For some people pinot noir is chic and trendy. For others of us, it represents a decade or more of infatuation with a bewitching but elusive prize (I've been haunted by the intoxicating perfume of several vineyard-designated pinots and woefully let down by other thin, tart versions). In any case, a Sun Wine Fest seminar devoted to the "holy grail" of wines was just what the doctor ordered this past weekend.

The seminar was led by Fred Dame, one of just 73 Americans to earn the title of master sommelier and the first to pass all three parts of the exam in just one year. Fred is a witty, personable guy whose enthusiasm for the grape is absolutely infectious. His seminar covered a lot of the basics, e.g., briefly covering the history of Burgundy and pinot's notorious quirks, which have driven many a winemaker absolutely crazy.

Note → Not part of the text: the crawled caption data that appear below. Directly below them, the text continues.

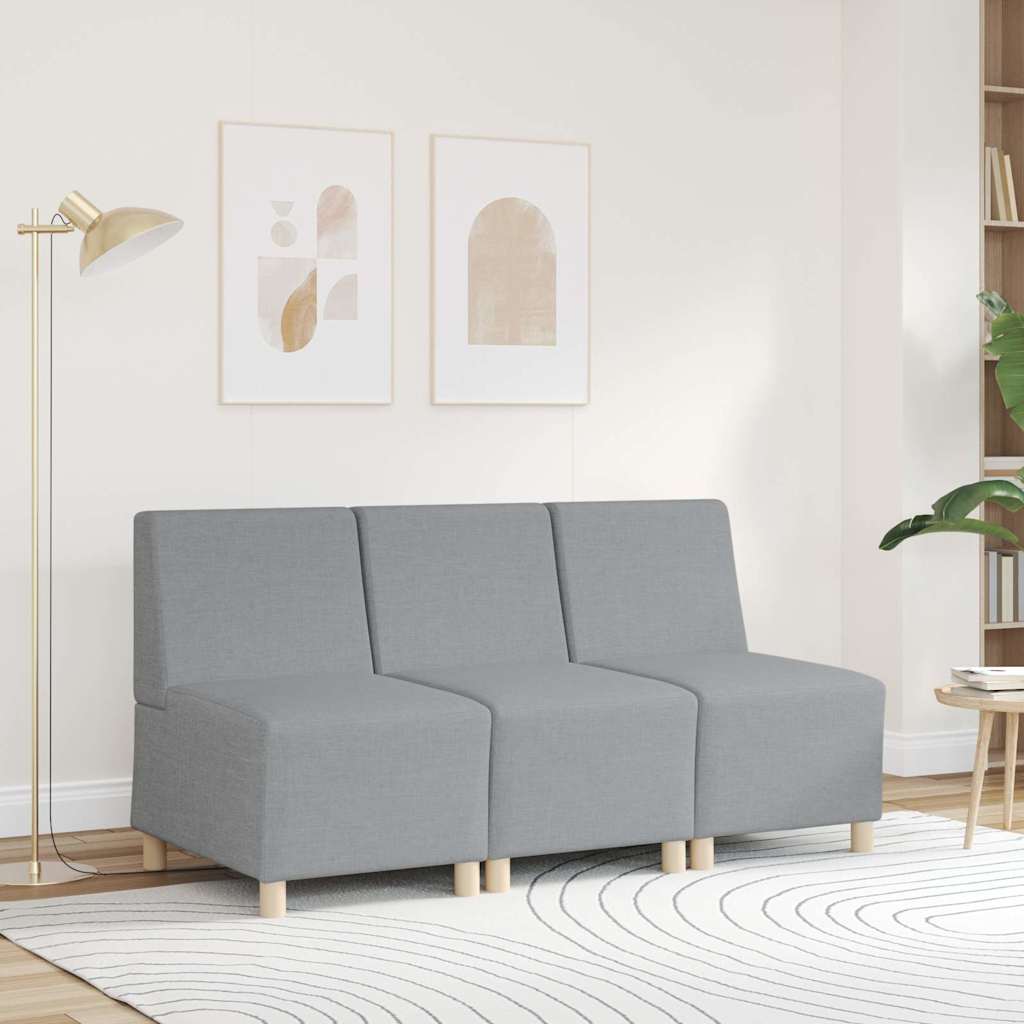Canapé modulaire sans accoudoirs Gris clair 55 cm Tissu - XIOS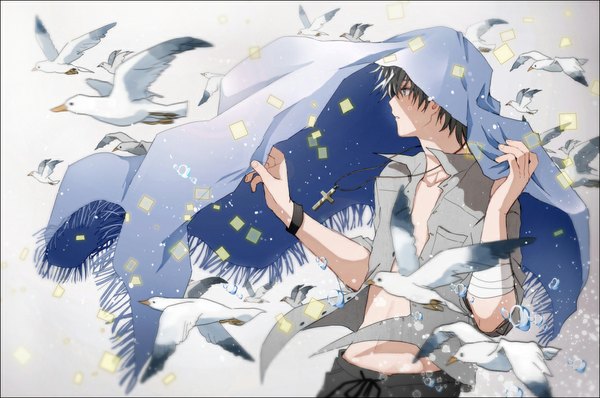 Anime picture 1100x731 with hishi short hair blue eyes simple background profile grey hair grey background open clothes open shirt boy animal bird (birds) pendant bandage (bandages) cross water drop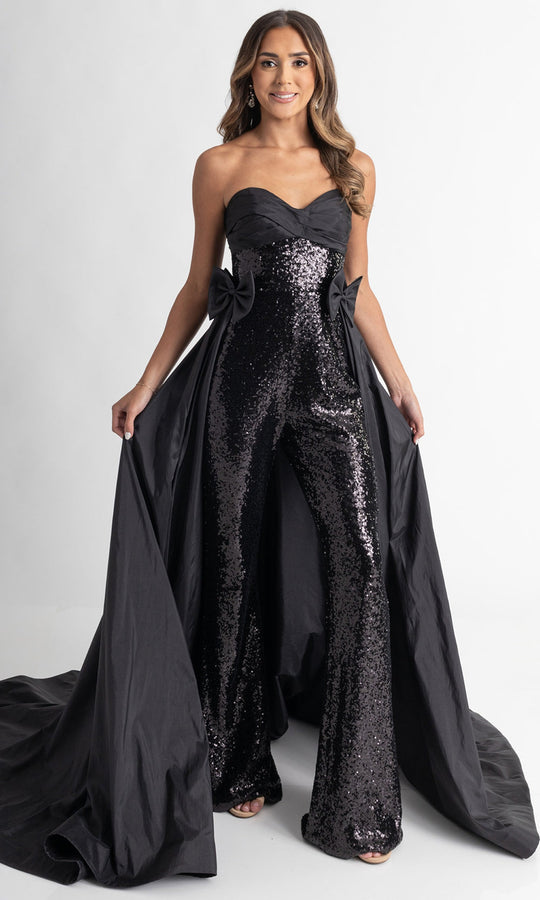 Rachel Allan 50403 - Strapless Sequin Jumpsuit with Overskirt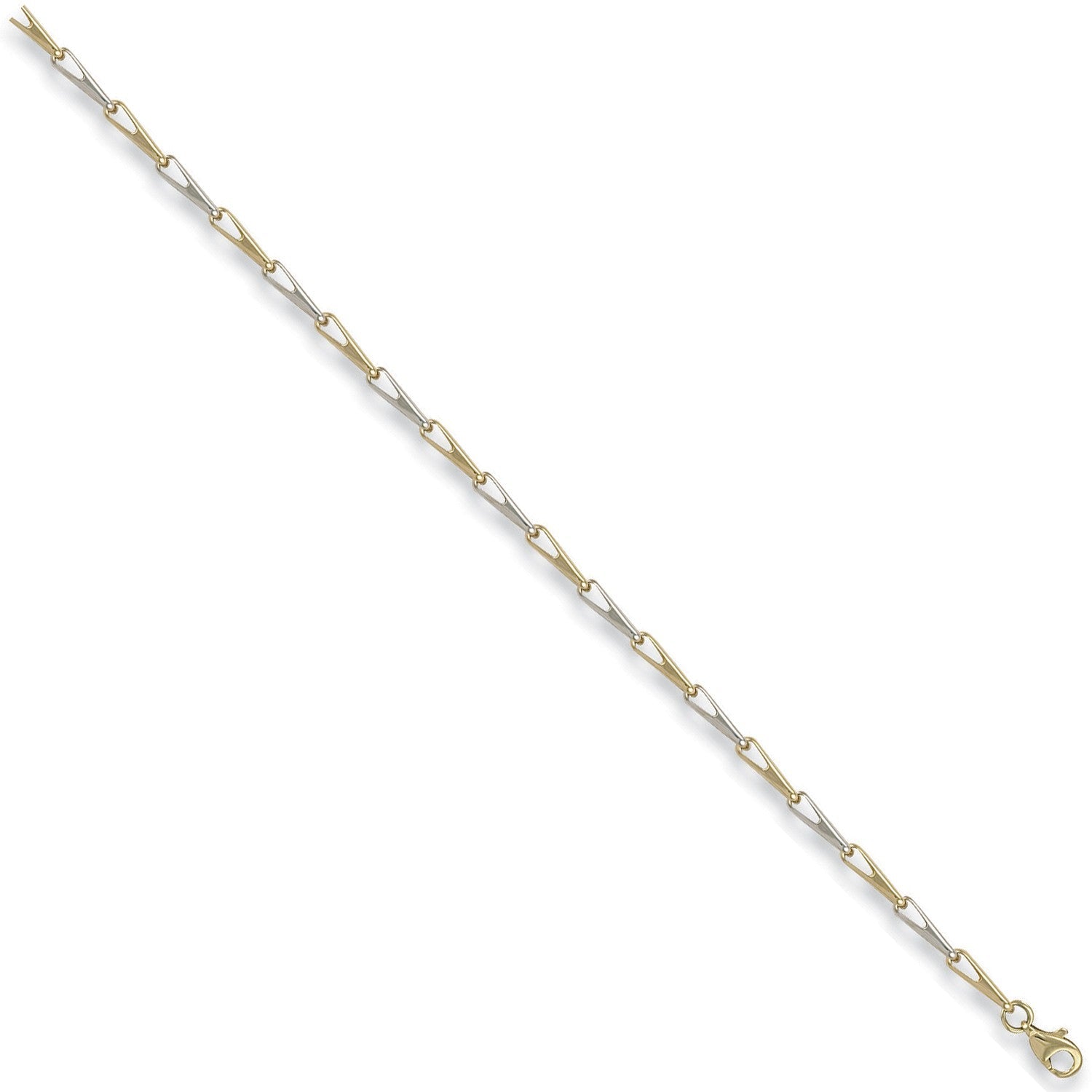 9ct White And Yellow Gold Fancy Bracelet - FJewellery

Fred's basic approach was to examine eight different pinot noirs representing eight different microclimates and compare the differences. As I said, it was a great deal of fun and the pinot refresher was good. But bad pacing left little time to give each of the eight wines their due. And, while we did talk a little about the distinctive characteristics of some of the wines, I was a little disappointed we did not really get at the distinguishing characteristics in more detail. I was also slightly disappointed that some of the hottest appellations, such as Russian River, were not represented.

I did learn a few lessons. For example, of the two burgundies we tried I preferred the Cote de Beaune, much better known for white burgundies, over the Cote de Nuits. It was more elegant and perfumed. I also loved a pinot from New Zealand. While it's still very early in the pinot game for the kiwis, Fred said he thinks they will be a force to reckoned with. Almost all of New Zealand's pinot plantings are no more than 6 or 7 years old. Look out when they really reach maturity, Fred predicted.

Here's a rundown of what we tasted by region:

Cote de Nuits, Rene Lequin-Colin: Nuits-St-George "Les Brulees," 2003. Tart red cherry with an earthy undercurrent. A bit tight.
Cote de Beaune, Joseph Drouhin: Chorey les Beaune, 2003. Floral bouquet of rose petals and violets in an elegant style. It may not hold up as long as Les Brulees, but it is sweet right now.
Oregon, King Estate, 2003. Nice black cherry fruit with a brown spice aroma and a long finish.
New Zealand, Brancott, "Terraces Estate," 2003. Spicy black cherry with a sweet vanilla finish. Red candy.
Sonoma County, Clos du Bois, 2004. An enjoyable red raspberry nose that also included a bit of cinnamon and other brown spices.
Napa Caneros, Etude: Caneros, 2003. Lush, red cherry and raspberry flavors in a smooth, silky style. It was the favorite of most and I certainly enjoyed it, but dare I say it's short on complexity for the price?
Sonoma Caneros, Buena Vista: Caneros, 2004. Definitely more black fruit and some smoked meat aromas.
Central Coast, Wild Horse, 2003. I've had this before and it surprised me because I don't remember it being this enjoyable. Very nice, simple red fruit package.